> **Required action**:
Restate the records in full and exactly, with no images included.

> **Web page caption snippets**:
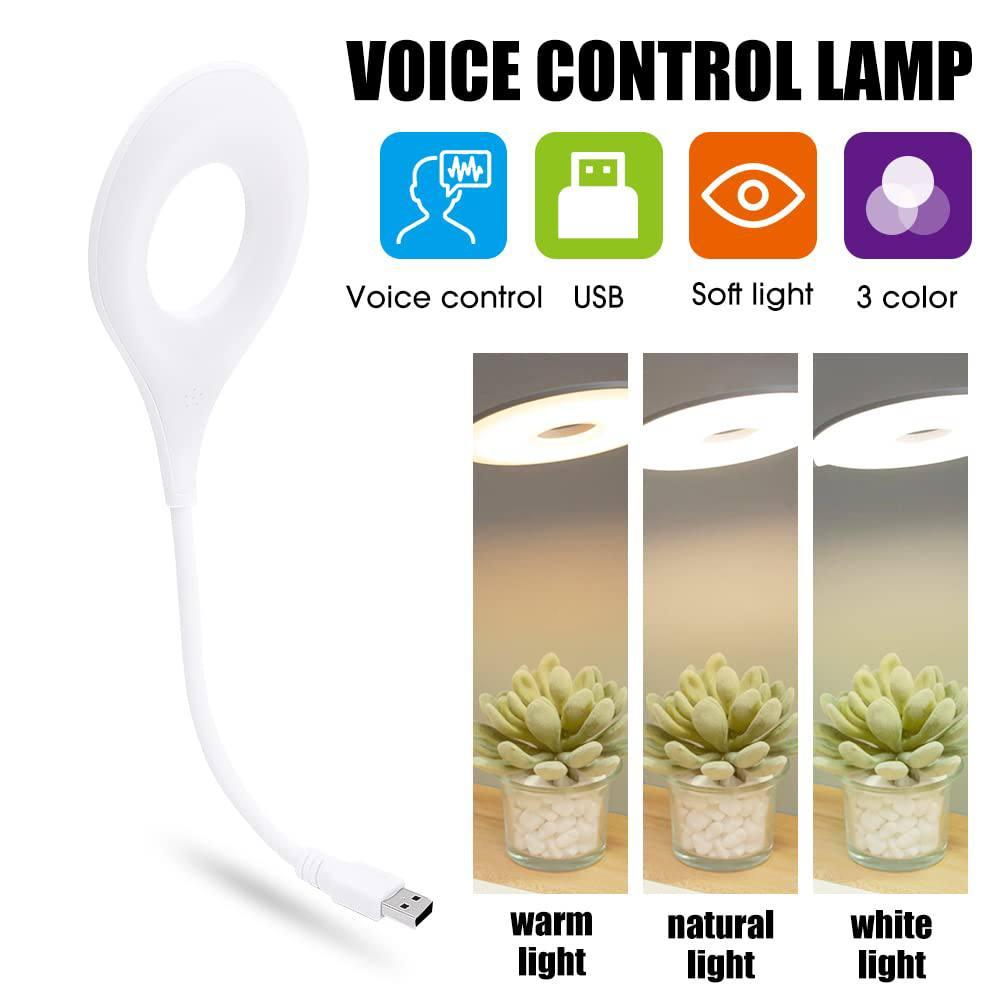 LED Light Flexible USB Clip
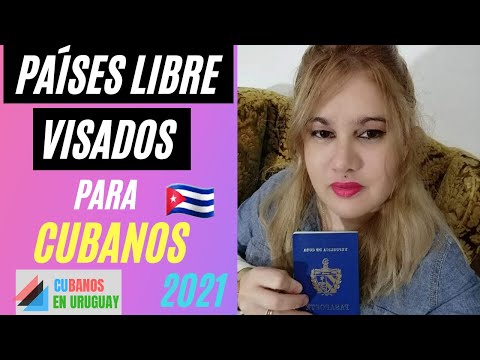 Video: Vacaciones En El Extranjero Sin Visa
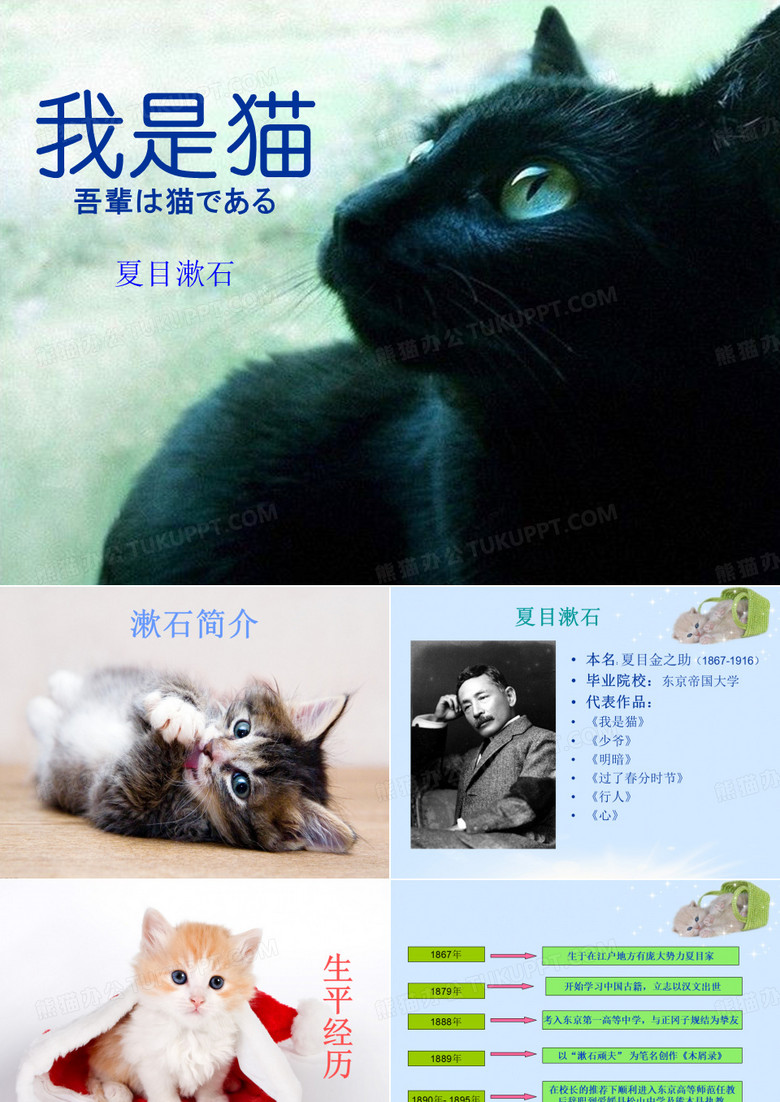 我是猫 夏目漱石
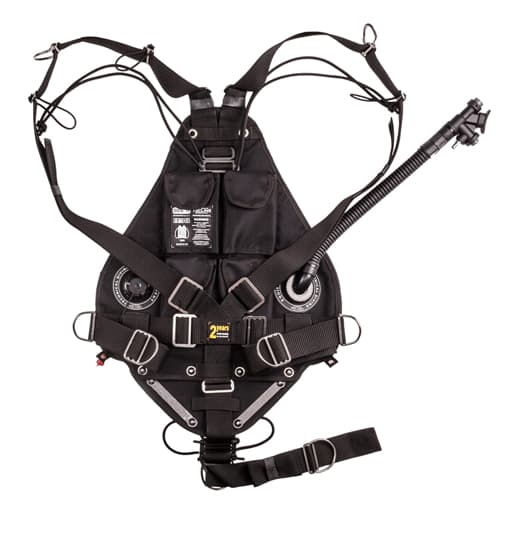 Tecline Sidemount BCD – Avenger SIDE16 4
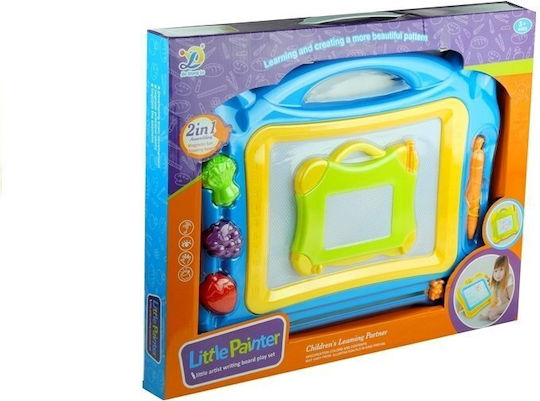 Lean Toys Πίνακας Γράψε - Σβήσε 43x43εκ.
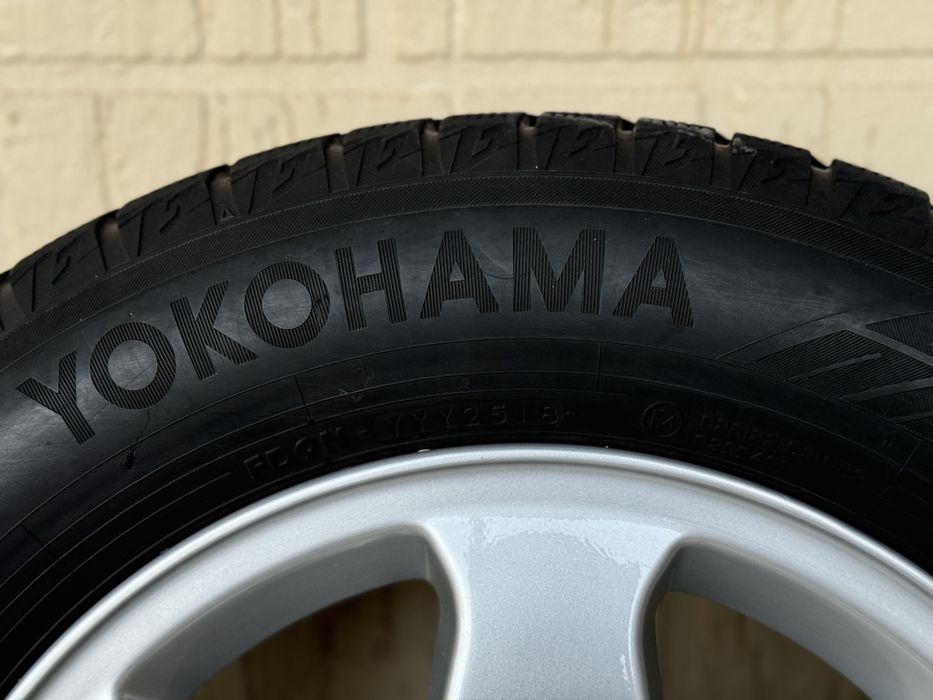 Зимний шины Yokohama 195/65/15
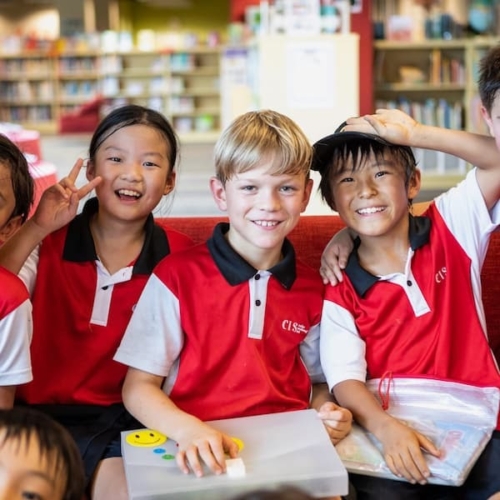 Students engaged in learning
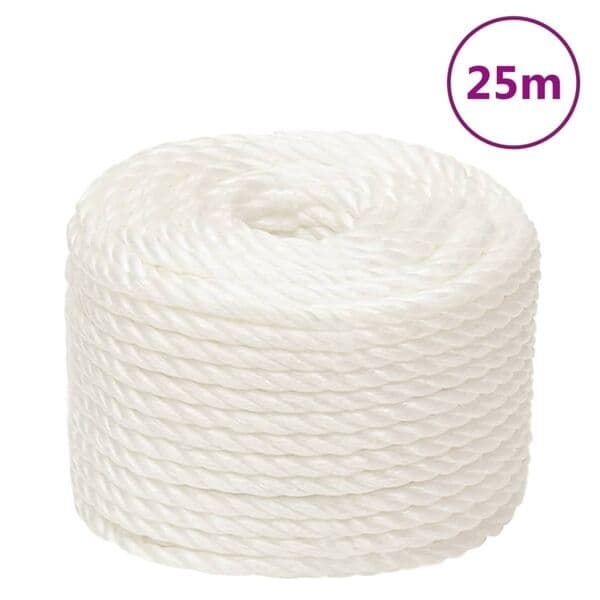 vidaXL Rep Vit 14 mm 25 m polypropylen Vit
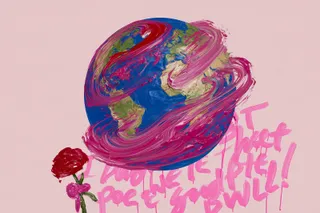 Graffiti Atlas of Kindness · Variant 2 preview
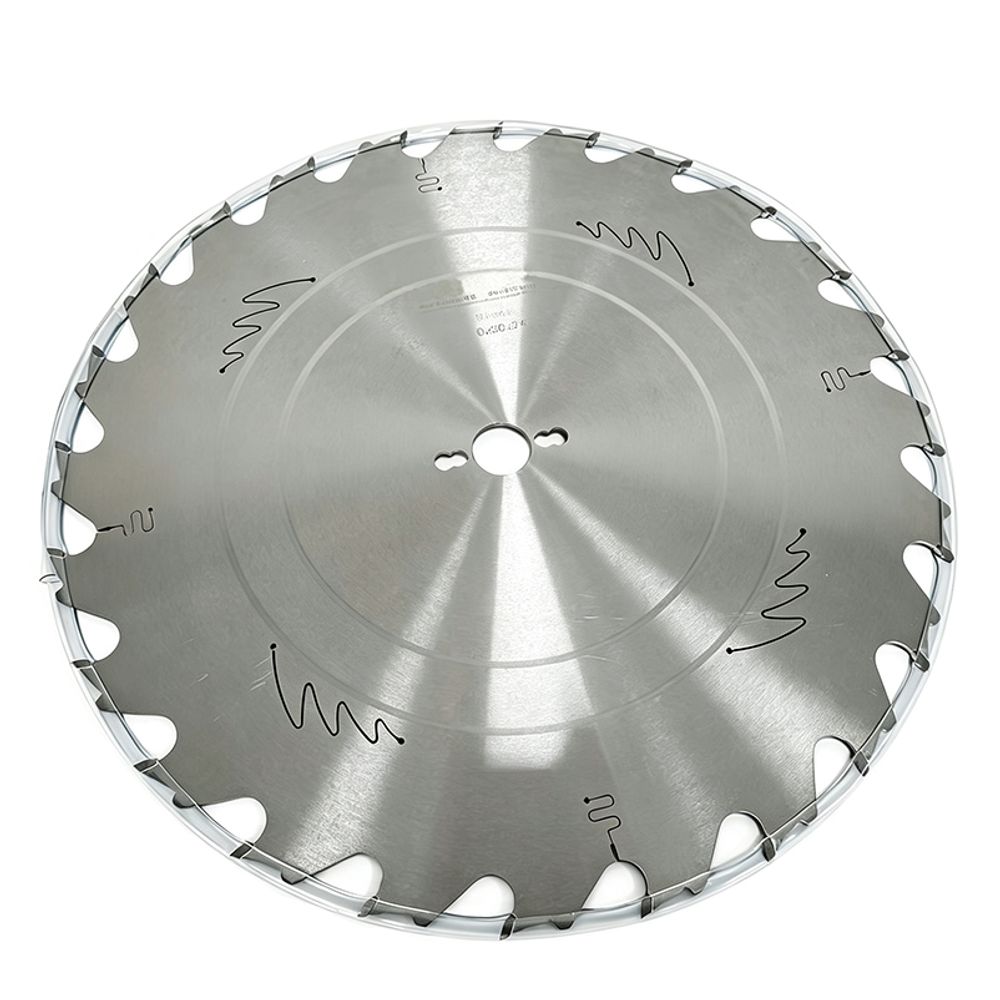 450mm 18T TCT circular saw blade for wood cutting, 4.5/3.0mm kerf, 30mm bore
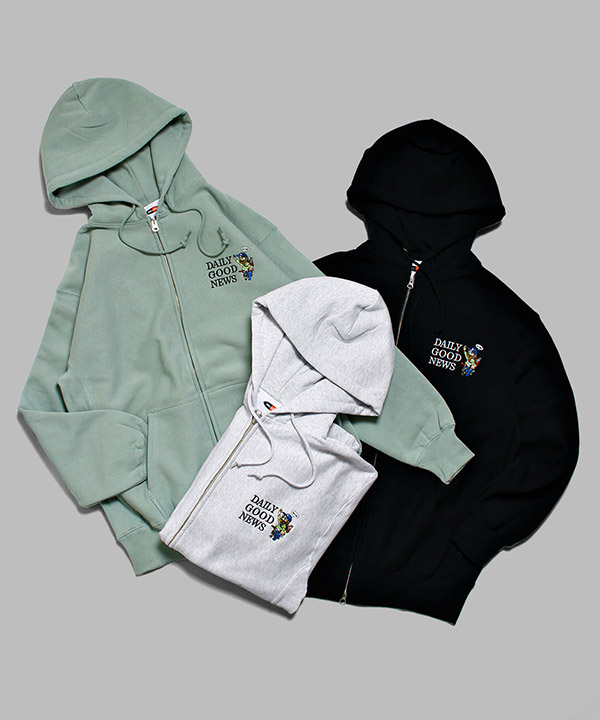 Daily Good News ZIP HOODIE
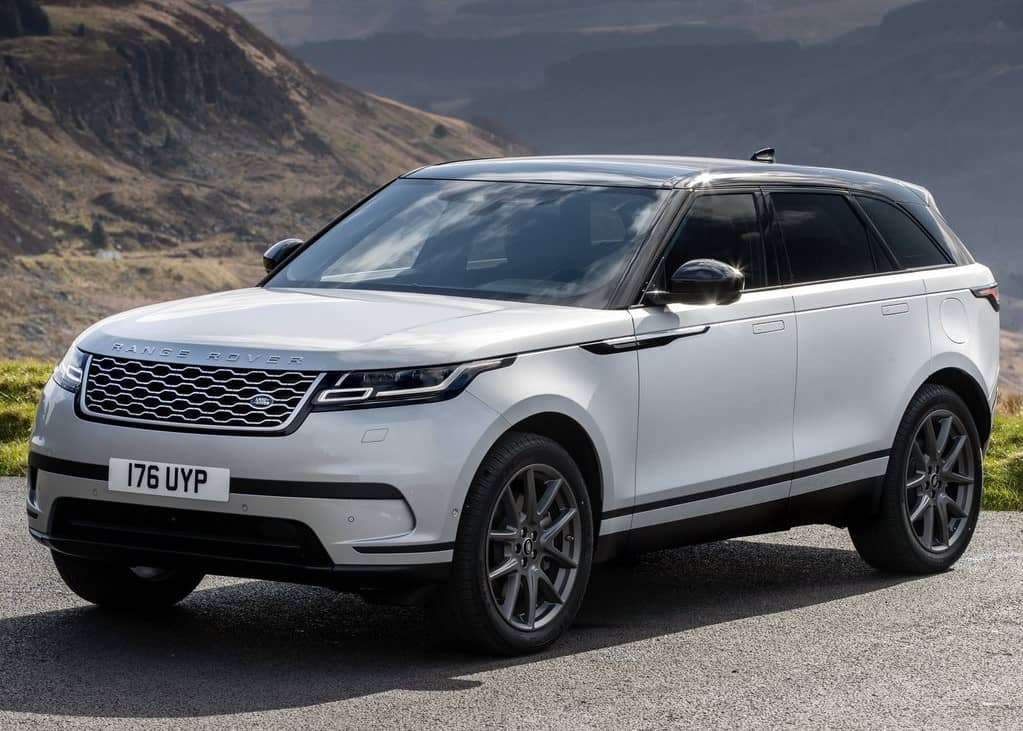 Prices And Specifications For Land Rover Range Rover Velar Standard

> **Final answer**:
 LED Light Flexible USB Clip
 Video: Vacaciones En El Extranjero Sin Visa
 我是猫 夏目漱石
 Tecline Sidemount BCD – Avenger SIDE16 4
 Lean Toys Πίνακας Γράψε - Σβήσε 43x43εκ.
 Зимний шины Yokohama 195/65/15
 Students engaged in learning
 vidaXL Rep Vit 14 mm 25 m polypropylen Vit
 Graffiti Atlas of Kindness · Variant 2 preview
 450mm 18T TCT circular saw blade for wood cutting, 4.5/3.0mm kerf, 30mm bore
 Daily Good News ZIP HOODIE
 Prices And Specifications For Land Rover Range Rover Velar Standard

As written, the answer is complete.